■ Work instruction
Reproduce, word for word, the lines in the material below starting with the one that has "Illustration en rendu" and going on through the one that has "прущие грибы Медногорск". Leave out all pictures.

■ Exercise input
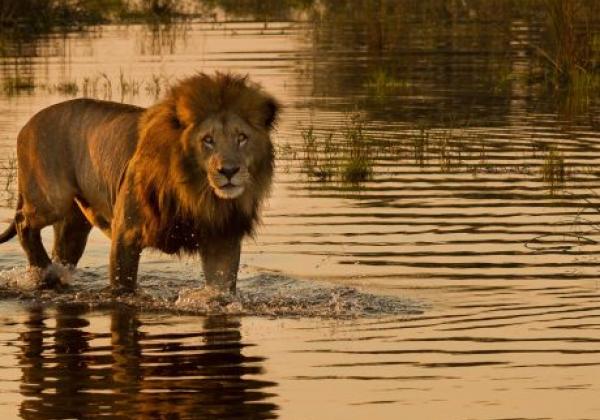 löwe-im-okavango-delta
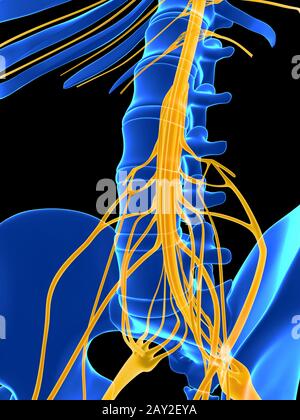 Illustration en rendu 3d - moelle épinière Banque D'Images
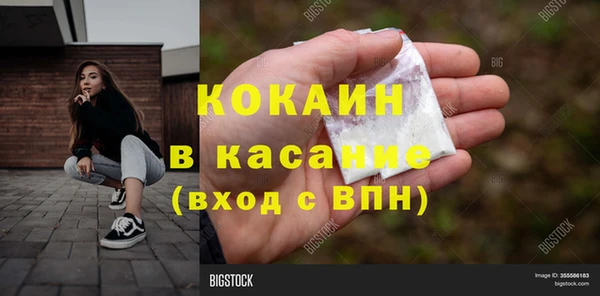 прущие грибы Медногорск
---
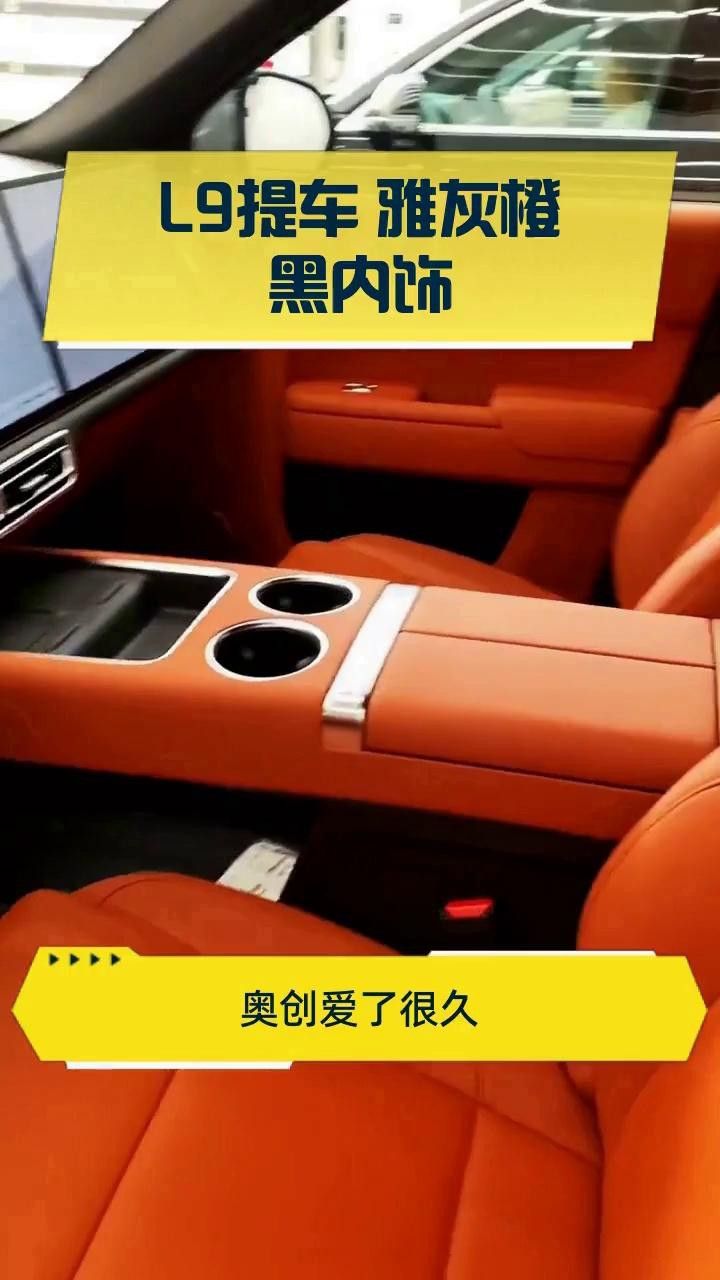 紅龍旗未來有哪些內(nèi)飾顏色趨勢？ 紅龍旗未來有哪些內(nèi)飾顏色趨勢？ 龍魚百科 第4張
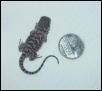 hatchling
* * *
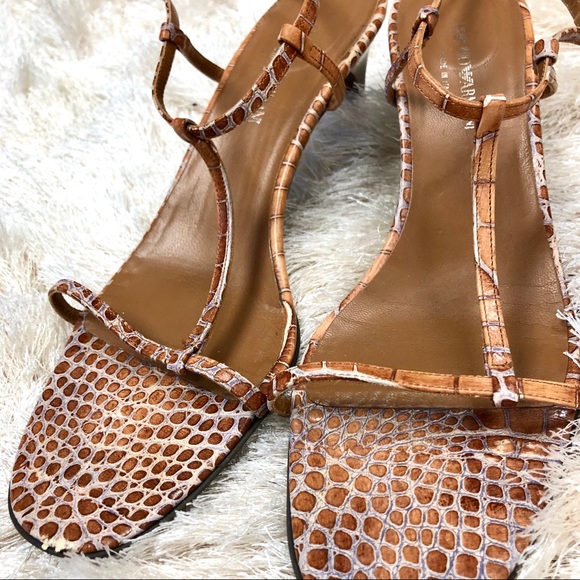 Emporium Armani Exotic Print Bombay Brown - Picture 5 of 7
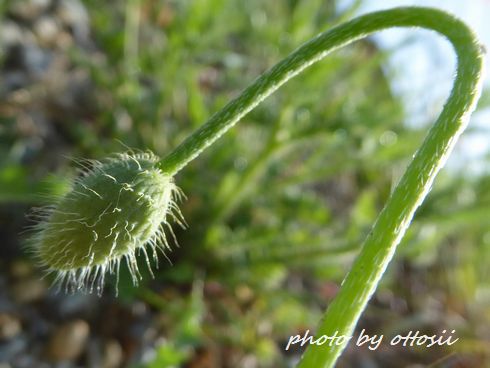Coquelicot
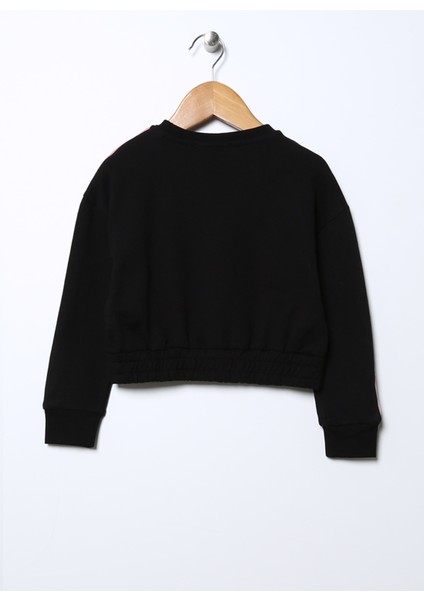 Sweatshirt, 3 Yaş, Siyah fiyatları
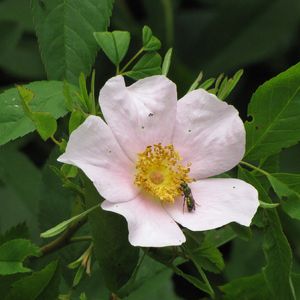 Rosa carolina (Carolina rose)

■ Task solution
 Illustration en rendu 3d - moelle épinière Banque D'Images
 прущие грибы Медногорск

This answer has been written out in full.